Children of lesbian parents do better than their peers
The children of lesbian parents outscore their peers on academic and social tests, according to results from the longest-running study of same-sex families.
The researchers behind the National Longitudinal Lesbian Family Study say the results should change attitudes to adoption of children by gay and lesbian couples, which is prohibited in some parts of the US.
The finding is based on 78 children who were all born to lesbian couples who used donor insemination to become pregnant and were interviewed and tested at age 17.
The new tests have left no doubt as to the success of these couples as parents, says Nanette Gartrell at the University of California, San Francisco, who has worked on the study since it began in 1986.

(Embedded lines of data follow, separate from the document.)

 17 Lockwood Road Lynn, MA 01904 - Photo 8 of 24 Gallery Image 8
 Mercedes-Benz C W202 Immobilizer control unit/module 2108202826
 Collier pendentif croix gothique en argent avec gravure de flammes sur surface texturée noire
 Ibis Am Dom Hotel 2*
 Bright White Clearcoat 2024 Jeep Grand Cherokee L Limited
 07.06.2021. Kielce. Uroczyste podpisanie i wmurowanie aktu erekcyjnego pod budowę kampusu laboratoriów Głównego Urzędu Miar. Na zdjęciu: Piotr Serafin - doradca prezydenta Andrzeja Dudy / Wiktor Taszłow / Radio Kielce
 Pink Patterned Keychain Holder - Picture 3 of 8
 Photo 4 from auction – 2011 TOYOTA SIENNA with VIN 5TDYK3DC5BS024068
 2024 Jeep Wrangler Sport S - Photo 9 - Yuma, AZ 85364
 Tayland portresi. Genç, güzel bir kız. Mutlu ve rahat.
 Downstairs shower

Compared with a group of control adolescents born to heterosexual parents with similar educational and financial backgrounds, the children of lesbian couples scored better on academic and social tests and lower on measures of rule-breaking and aggression.
A previous study of same-sex parenting, based on long-term health data, also found no difference in the health of children in either group.
"This confirms what most developmental scientists have suspected," says Stephen Russell, a sociologist at the University of Arizona in Tucson. "Kids growing up with same-sex parents fare just as well as other kids."
The results should be considered by those who oppose the right of gay and lesbian couples to adopt children, adds Gartrell. A handful of states, including Florida, prohibit same-sex or unmarried couples from adopting, although many of the state laws are being challenged in the courts.
"It's a great tragedy in this country," says Gartrell. "There are so many children who are available for adoption but cannot be adopted by same-sex couples."
Over 100,000 children are awaiting adoption in the US, says the Evan B. Donaldson Adoption Institute, a research and advocacy organisation based in New York. The institute estimates that just 4 per cent of all adopted children – around 65,000 – live with gay or lesbian parents, despite research suggesting that same-sex couples may be more willing than heterosexual couples to adopt.